Abramson M, Fay T H, Kelly J P, Wazen J J, Liden G, Tjellstrom A
Department of Otolaryngology, Columbia University, College of Physicians and Surgeons, New York, NY.
Laryngoscope. 1989 Jul;99(7 Pt 1):707-10. doi: 10.1288/00005537-198907000-00008.

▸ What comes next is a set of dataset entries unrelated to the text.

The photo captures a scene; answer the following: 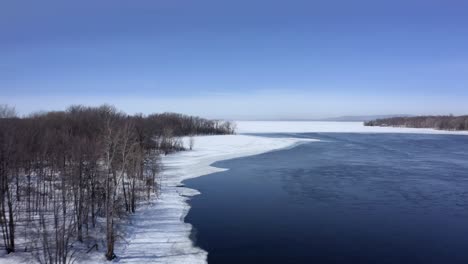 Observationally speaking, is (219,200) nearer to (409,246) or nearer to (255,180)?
(255,180)

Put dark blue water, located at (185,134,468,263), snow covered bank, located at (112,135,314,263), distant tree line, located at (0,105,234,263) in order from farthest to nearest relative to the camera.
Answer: dark blue water, located at (185,134,468,263)
snow covered bank, located at (112,135,314,263)
distant tree line, located at (0,105,234,263)

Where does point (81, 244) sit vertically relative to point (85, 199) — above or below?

During a 2-year period ending in July 1987, nine patients were implanted with a percutaneous bone-anchored hearing aid developed at the University of Gothenburg and Chalmers University of Technology, Sweden. Patients selection was based on the presence of conductive or mixed hearing loss in patients who are unable to wear a conventional hearing aid because of infection or ear canal problems. Patients had speech discrimination scores of at least 60% for phonetically balanced monosyllables (CID lists) at 40 dB above threshold, and a pure tone bone conduction average of 45 dB hearing loss or better. Patients were evaluated in sound field, preoperatively and postoperatively using warble tones, speech reception threshold, speech discrimination, and synthetic speech identification. The patient's unaided hearing and hearing with a bone-anchored hearing aid were compared with the patient's hearing with a standard bone conduction hearing aid. Signal to noise ratio testing with the synthetic speech identification test demonstrated that the bone-anchored hearing aid was comparable to a standard bone conduction aid. There were no complications in our series. Five patients who reported otorrhea with conventional hearing aids experienced no otorrhea after implantation. Patient satisfaction, as assessed by questionnaire, revealed that all patients preferred the bone-anchored hearing aid to previously worn hearing aids.
在截至1987年7月的两年时间里,9名患者植入了瑞典哥德堡大学和查尔姆斯理工大学研发的经皮骨锚式助听器。患者选择基于存在传导性或混合性听力损失,且因感染或耳道问题无法佩戴传统助听器的患者。患者在阈值以上40分贝时,对语音平衡单音节(CID列表)的言语辨别得分至少为60%,纯音骨导平均听力损失为45分贝或更好。术前和术后在声场中使用啭音、言语接受阈值、言语辨别和合成语音识别对患者进行评估。将患者的无助听听力和使用骨锚式助听器的听力与患者使用标准骨导助听器的听力进行比较。合成语音识别测试的信噪比测试表明,骨锚式助听器与标准骨导助听器相当。我们的系列病例中没有并发症。5名报告使用传统助听器时有耳漏的患者在植入后未出现耳漏。通过问卷调查评估的患者满意度显示,所有患者都更喜欢骨锚式助听器,而不是以前佩戴的助听器。